> _EXERCISE_:
Print, exactly as they appear in the listing below, the lines from the line with "Più di una semplice" to the line with "Jacket - Picture 4 of 5", with both end lines kept.

(DATASET CONTENT)

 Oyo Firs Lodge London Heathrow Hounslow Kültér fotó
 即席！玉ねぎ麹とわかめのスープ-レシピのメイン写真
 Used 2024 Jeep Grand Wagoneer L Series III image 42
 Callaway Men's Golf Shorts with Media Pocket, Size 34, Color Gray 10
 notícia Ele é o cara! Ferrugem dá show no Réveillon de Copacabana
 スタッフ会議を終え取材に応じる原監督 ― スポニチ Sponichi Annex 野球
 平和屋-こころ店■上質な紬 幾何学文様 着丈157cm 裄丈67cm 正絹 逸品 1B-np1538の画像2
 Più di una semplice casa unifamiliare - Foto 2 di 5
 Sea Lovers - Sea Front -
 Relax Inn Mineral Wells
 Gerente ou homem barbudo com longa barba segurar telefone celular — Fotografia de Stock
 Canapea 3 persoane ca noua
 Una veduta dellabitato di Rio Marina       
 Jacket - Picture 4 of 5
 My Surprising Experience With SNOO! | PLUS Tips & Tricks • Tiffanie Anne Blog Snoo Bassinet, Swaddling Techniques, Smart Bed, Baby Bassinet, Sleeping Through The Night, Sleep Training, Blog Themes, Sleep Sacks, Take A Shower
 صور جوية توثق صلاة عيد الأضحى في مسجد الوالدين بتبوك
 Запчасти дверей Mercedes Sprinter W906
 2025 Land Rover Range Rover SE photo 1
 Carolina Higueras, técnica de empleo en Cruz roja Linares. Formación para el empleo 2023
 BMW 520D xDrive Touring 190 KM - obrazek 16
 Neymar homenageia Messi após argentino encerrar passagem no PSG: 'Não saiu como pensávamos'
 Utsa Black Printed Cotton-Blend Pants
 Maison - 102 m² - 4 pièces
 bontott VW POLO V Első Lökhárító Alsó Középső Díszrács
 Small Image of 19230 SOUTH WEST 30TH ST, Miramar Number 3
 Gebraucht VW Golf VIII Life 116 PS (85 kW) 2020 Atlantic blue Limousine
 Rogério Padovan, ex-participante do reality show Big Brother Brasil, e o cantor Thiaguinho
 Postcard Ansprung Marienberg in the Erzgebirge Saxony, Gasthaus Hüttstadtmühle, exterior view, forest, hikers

(End DATASET CONTENT)

> _ANSWER TO THIS TASK_:
 Più di una semplice casa unifamiliare - Foto 2 di 5
 Sea Lovers - Sea Front -
 Relax Inn Mineral Wells
 Gerente ou homem barbudo com longa barba segurar telefone celular — Fotografia de Stock
 Canapea 3 persoane ca noua
 Una veduta dellabitato di Rio Marina       
 Jacket - Picture 4 of 5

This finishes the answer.